David realizes that he has messed too many things up and now needs to go all the way back and destroy the time machine. David tells Quinn his plans while the cops are out looking for him.

Project Almanac: Plot Hole 3: No ripple-effect for Jessie

The cops are looking for David as he’s Jessie’s (who is now missing) boyfriend. Again if Jessie went missing before their first experiment with the toy car, she should have never met David and the group and travelled in time with them. Jessie can’t have gone back with the group to Lollapalooza and therefore never became David’s girlfriend. Yet somehow, the cops are looking for David.

david school break-in

David, who has run out of fuel for a time travel back, breaks into the school and fuels up and jumps all the way back to his 7th birthday. Here he ends up being in the mirror reflection which is captured by the video camera which is filming the birthday party. This is the same video camera that David and Christina find in the basement. David confronts his dad and explains to him why the time machine is a bad idea. After his dad leaves, he collects all the blueprints, the time device and burns it. This causes David to flicker out from that timeline.

Project Almanac: Plot Hole 4: Only the camera stays

If David destroys the time machine in the past, he creates an alternate universe where the group never finds the time device. This means they don’t travel in time and as a result David in the basement of the house on his 7th birthday disappears. Fair enough (ignoring the grandfather paradox). But his bag and his own camera should have disappeared too. After all he brought them back with him though time. Somehow the camera alone decides to stay.

Now back in the future, the film goes back to the scene where David and Christina find the old camera. While Christina finds the camera with the birthday party, David finds the camera his alternate time-travelling-self leaves as he flickers out of existence.

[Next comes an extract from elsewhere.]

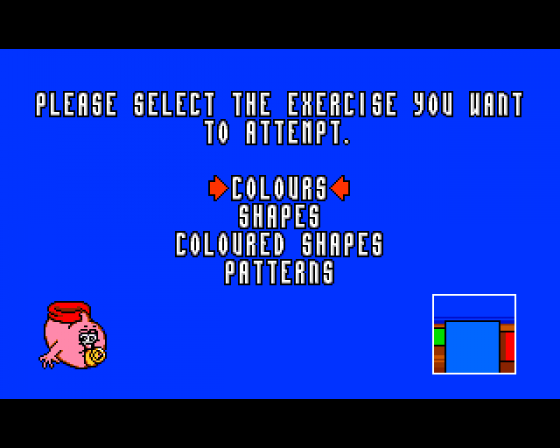 The Shoe People Screenshot 13 (Amiga 500)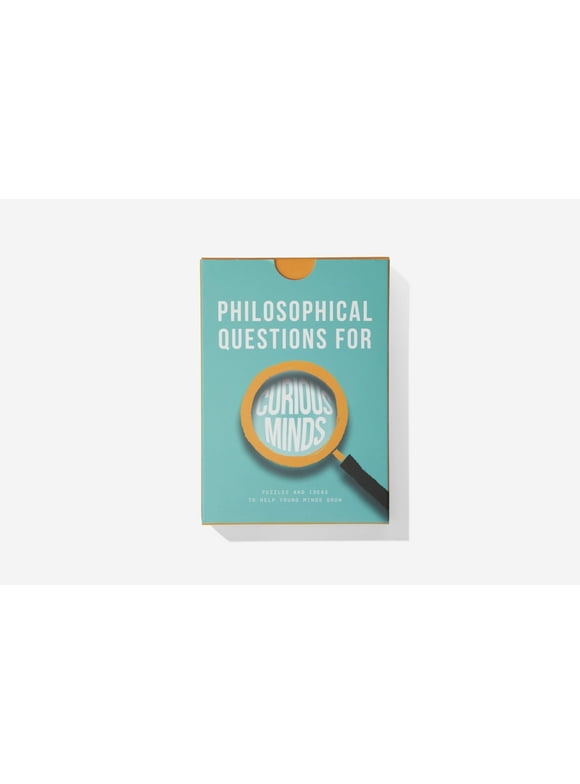 Philosophical Questions for Curious Minds: Puzzles and Ideas to Help Young Minds Grow (Other)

Project Almanac: Plot Hole 5: The Flicker Logic

Why is it that when two instances of the same person see each other, they flicker and disappear from existence while two cameras that find themselves next to each other don’t give a damn? Does it happen only to people? Monkeys are good or do they get messed up too? We will never know because the flickering thingy doesn’t make any sense anyways.

Project Almanac: Plot Hole 6: The camera footage in the end

David plays the content of this second camera and we can hear the conversations from the alternate timeline – the conversation where David and Christina find only one camera. Let’s jump back to that scene when they find the camera and play the birthday footage. Those scenes are captured by a whole other camera that Christina owns, it is not captured in their dad’s old camera. Recollect that Christina has been shooting the MIT prep footage right from the beginning. Let’s call that camera Christina’s camera (perhaps her phone). Using that camera she films the footage in the basement where they find Christina’s dad’s camera. She switches to using Christina’s dad’s camera after that for the remaining movie. The dad’s camera gets left behind by the flickering-out David. It could never have the footage of them finding the camera. That would be in Christina’s camera. Yet the dad’s camera magically plays a footage that it never shot. In fact, the camera magically plays a footage of itself being found.

Project Almanac Ending Explained

The premise now is that the gang has seen the entire footage in Christina’s dad’s camera. They are now aware of the various inventions and travels through time. David walks up to Jessie to return her bag and instead of mumbling, begins to say Jessie’s lines (because that is not creepy at all). After this he tells her that they are about to change the world. Some people basically never learn.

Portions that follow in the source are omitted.